##### Data supplied

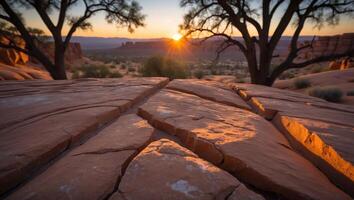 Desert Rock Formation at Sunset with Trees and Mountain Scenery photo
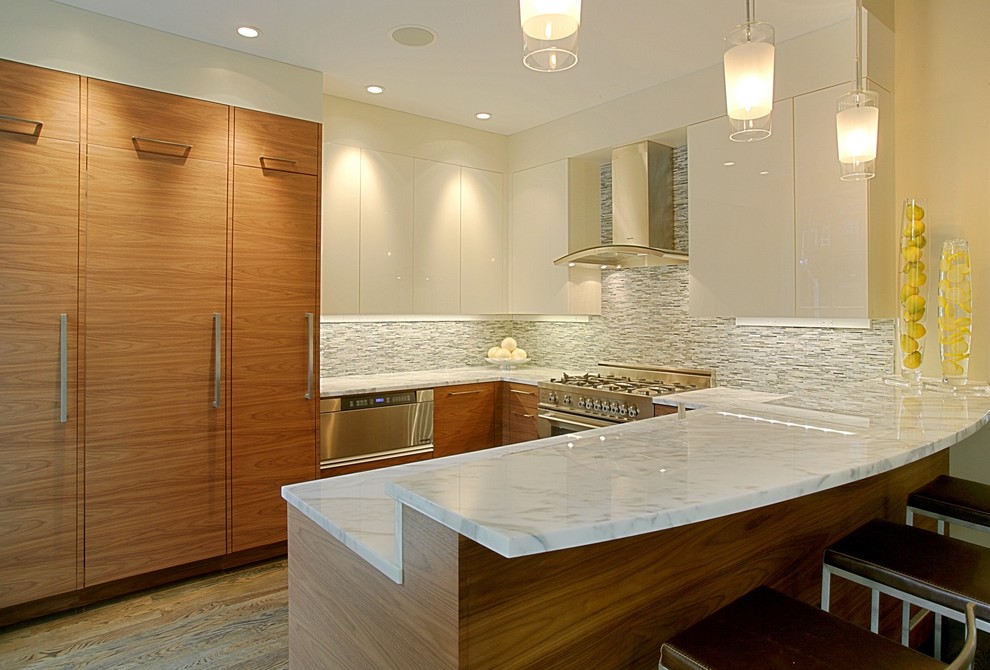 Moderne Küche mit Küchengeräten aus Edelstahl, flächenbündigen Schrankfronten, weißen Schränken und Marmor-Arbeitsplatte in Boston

##########
##### Data supplied

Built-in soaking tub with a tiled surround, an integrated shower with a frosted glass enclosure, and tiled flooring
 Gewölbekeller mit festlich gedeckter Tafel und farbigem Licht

##########

### Exercise aim
Leave out the images and write out the lines above exactly, from the one with "Desert Rock Formation" up to and including the one with "Moderne Küche mit".

### Solution for this problem
 Desert Rock Formation at Sunset with Trees and Mountain Scenery photo
 Moderne Küche mit Küchengeräten aus Edelstahl, flächenbündigen Schrankfronten, weißen Schränken und Marmor-Arbeitsplatte in Boston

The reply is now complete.